Mais alors que compte faire les gouvernants ? Il y a un lien très fort entre la croissance économique et la consommation de pétrole. Après la crise de 2008 et avec l'ère post-covid qui s'ouvre la priorité du pouvoir sera évidemment la croissance, ne serait-ce que pour rembourser les dettes contractées. Il y a fort à parier que que les questions environnementales ne seront pas la priorité des gouvernements. Pourtant la question d'une transition post-carbone risque de se poser sous la contrainte de la raréfaction des ressources. Le problème est que les sociétés n'auront pas amorcer en amont cette transition et y seront confrontées de force.
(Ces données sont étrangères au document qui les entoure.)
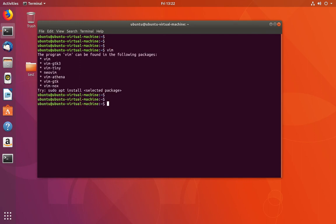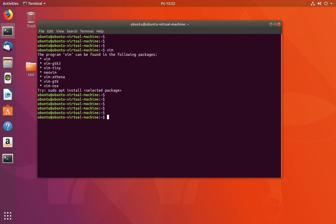Vim editor is not installed in this system — it says the program Vim can be found in the following packages. If you want to install Vim editor, we can run this command: sudo apt install vim.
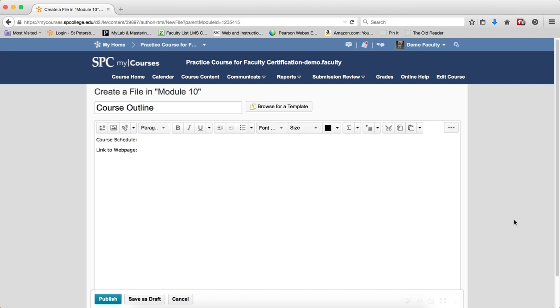This tutorial will show creating a link to a web page within a module file. However, the link can be created in any content that has the HTML editor available, such as Dropbox directions or feedback, quiz questions, or quiz directions. It can be placed anywhere.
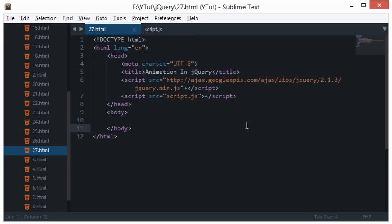Welcome to the 27th jQuery tutorial, where we'll be discussing animation in jQuery. I'm excited to teach you about this because animation is something that excites me — it's fun to code, easy to learn, and you can create beautiful animations on your website.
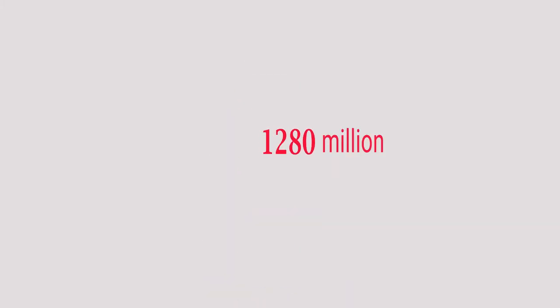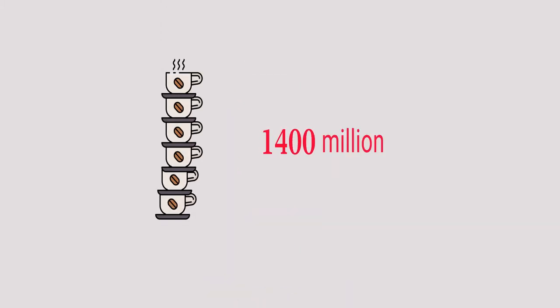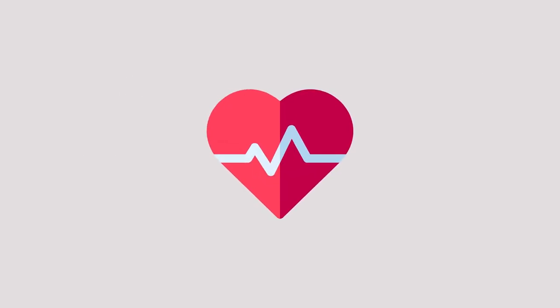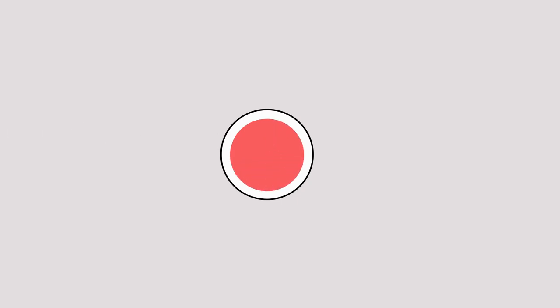1,400 million cups of coffee are consumed every single day. Caffeine from coffee can cause your heart rate to increase within 15 minutes of consumption, and the effects can last up to 6 hours.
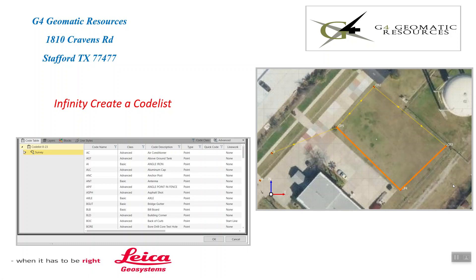Hello, this is Jeff Ryle from G4 Geomatic Resources in Houston, and today we're going to go over Infinity Office software and how to import an ASCII file of codes and code descriptions to create a code list to upload to your data collector.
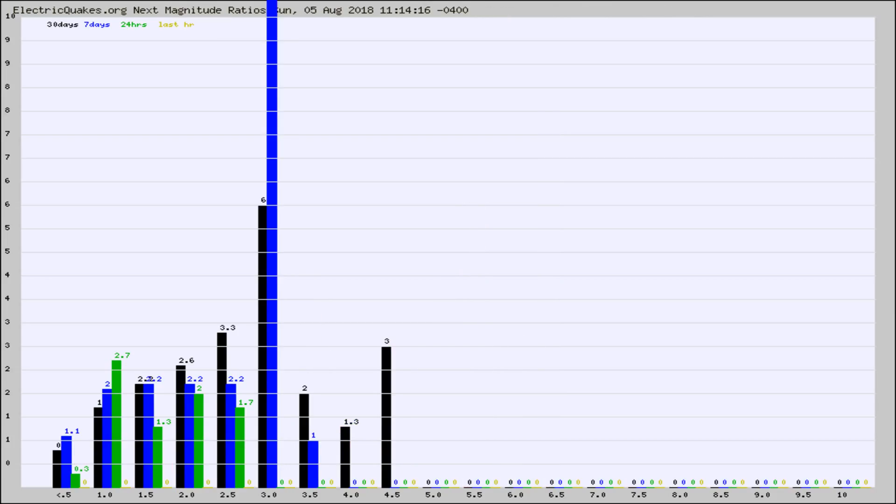And now you're seeing the same thing for just the subset area in California. Again, the black column is 30 days, blue is 7, green is 24 hours, and gold is in the last hour.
On ne pourra pas supprimer les porte-conteneurs et les semi-remorques sous la contrainte sans une explosion sociale. Cette séquence peut-être violente. Les pays rentiers se retrouveront sans ressources, ils préférons redistribuer le peu de royalties générés par le pétrole à une classe corrompue, la famille royale en Arabie Saoudite, les militaires en Algérie … En Occident aucun organisme ne s'est alarmé de cette question. Ni l'AIE, dont le siège est à Paris, ni un quelconque organisme économique européen. Le fait qu'un « modeste think tank » (comme le Shift Project se définit) soit le seul à fournir une telle analyse « constitue en soi un scandale tout autant que la promesse d'une catastrophe ».
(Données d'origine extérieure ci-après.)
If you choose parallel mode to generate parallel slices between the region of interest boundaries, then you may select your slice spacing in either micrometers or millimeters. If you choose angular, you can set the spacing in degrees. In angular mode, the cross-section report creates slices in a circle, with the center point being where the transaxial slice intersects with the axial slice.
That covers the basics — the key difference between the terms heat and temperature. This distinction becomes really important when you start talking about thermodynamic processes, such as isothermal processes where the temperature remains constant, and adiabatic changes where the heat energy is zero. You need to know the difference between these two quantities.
Mais alors que se passe-t-il ? « La question de la pérennité des compagnies pétrolières est posée » affirme le PDG de Total. L'entreprise veut désormais se tourner vers le gaz. BP a promis de baisser sa production de 40% et d'engager 5 milliards de dollars dans les énergies décarbonnées. Shell veut devenir le numéro un mondial de l'électricité.
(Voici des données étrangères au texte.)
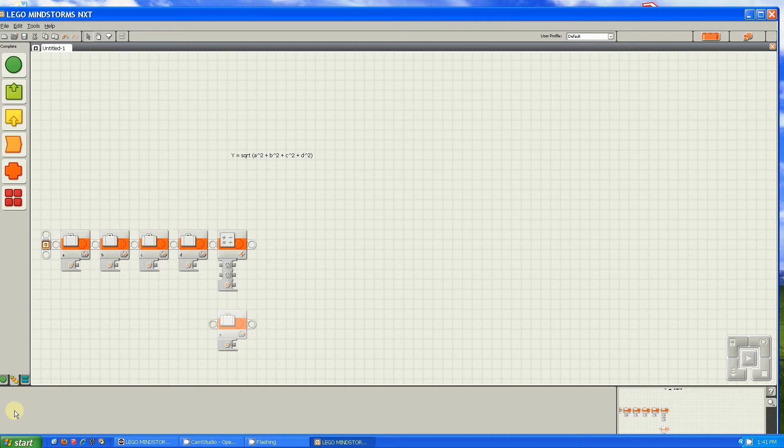Hello, this is Steve from the Fluorescent Flying Penguins. Today, I'm going to be talking about the EV3 math blocks compared to the NXT-G math blocks.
Aux USA c'est l'effet inverse. ExxonMobil et Chevron rachètent leurs concurrents tombés en faillite. Mais certains sentent le vent tourner. L'un des plus grand producteur de schistes du Texas roule en voiture électrique et déclare « Je ne pense pas que je reverrais 13 millions de barils par jour de mon vivant ». Et affirme que les USA ont probablement passé leur pic. Il n'a pas l'intention d'augmenter sa production. Ni cette année, ni l'année prochaine. (« Shale boss says US has passed Peak oil », Financial Times, 13/06/20)

Tesla a vendu moins de 100 000 voitures au deuxième trimestre, mais sa capitalisation boursière a été multipliée par six depuis le début du coronavirus. Workhorse et Nikola Motor, deux compagnies de voiture et camion électrique ont vu leur valeurs boursières multipliées par respectivement 1200 % et 350% … sans même vendre de voiture. Il se passe indéniablement quelque chose sur la planète pétrole.

On peut lire ici le rapport du Shift Project L'Union Européenne risque de subir des contraintes fortes sur les approvisionnements pétroliers d'ici à 2030.

NOTES 

1) Certes il y a aussi une question de taxe. Dans le mouvement des gilets jaunes, l'augmentation du prix du baril est elle-même augmentée par la fiscalité. Voir mon texte Or noir & gilets jaunes, et notons que cette fiscalité n'a rien a voir avec l'écologie, mais avec un transfert de fiscalité : financer les baisse d'impôts pour les entreprises via l'essence, en la faisant passer pour une mesure environnementale. Le mouvement des gilets jaunes est à la foi un moment de cette lutte pour l'égalité, en même temps qu'il montre notre dramatique dépendance aux énergies fossiles.